What does HackerNews think of robin-hood-hashing?
Fast & memory efficient hashtable based on robin hood hashing for C++11/14/17/20
Language:
C++
std::unordered_map is notoriously slow, several times slower than a fast hashmap implementation like Google's absl or Martin's robin-hood-hashing [1]. In addition, your implementation lets the hashmap grow from a small size. As you know the total length, you could preallocate the hash table and avoid rehashing. As typical hash table implementations double the capacity during rehashing, preallocating the buckets should be about twice as fast if we don't consider the cache and the complex mechanism behind the STL allocator.

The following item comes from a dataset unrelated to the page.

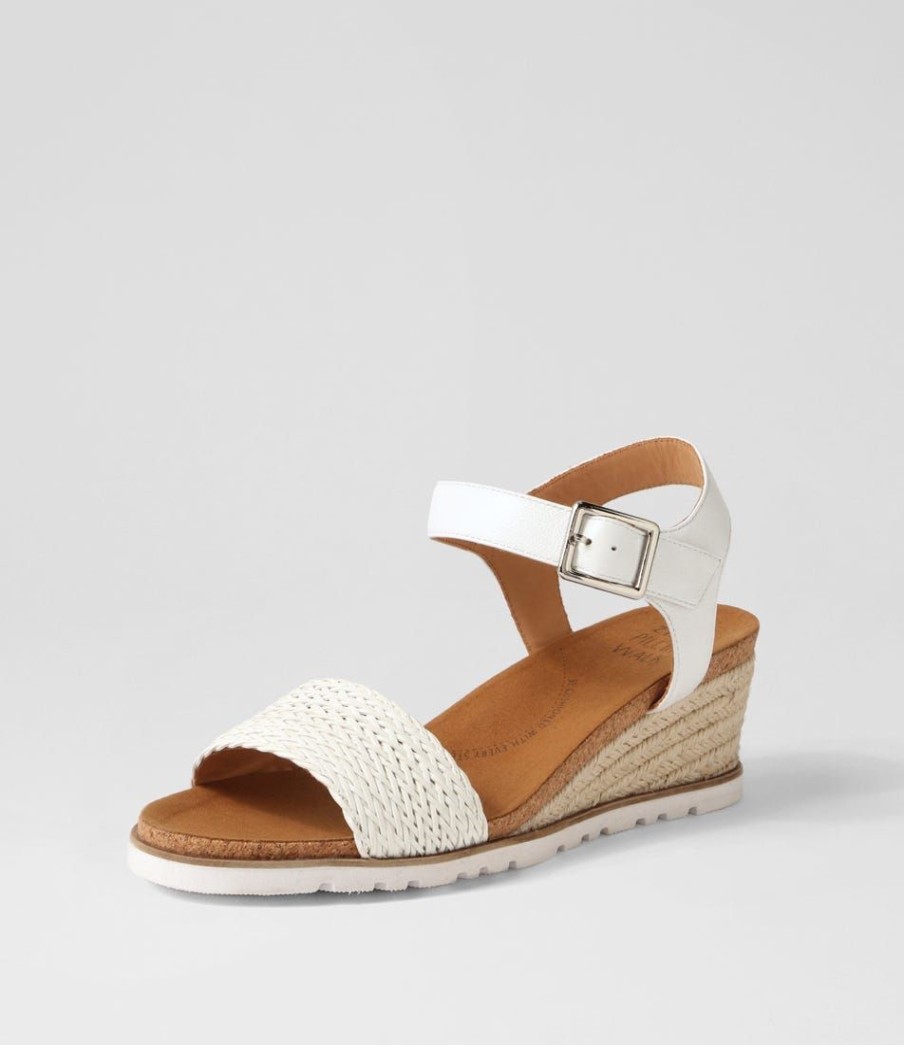 Shoes ZIERA | Konyise W White Weave Leather Sandals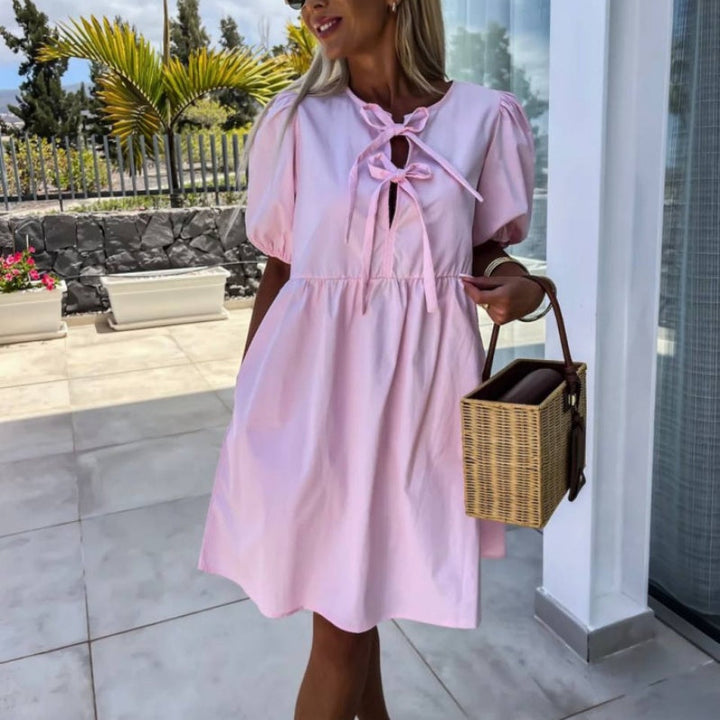 MISAKI - VESTIDO CHIC DE MANGAS ABULLONADAS CON LAZO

That said, std::sort is not the fastest sort implementation, either. It is hard to say which is faster for a small N of 10000. Your general point is still right in that an O(n*log(n)) algorithm is not necessarily slower than an O(n) algorithm in practice.
For anyone in a situation where an unordered_set or unordered_map is in a hot part of the code, I'd also highly recommend Robin Hood: https://github.com/martinus/robin-hood-hashing
It made a huge difference in one of the programs I was running.
EDIT: I could have sworn they used to also support the ordered versions, but maybe not.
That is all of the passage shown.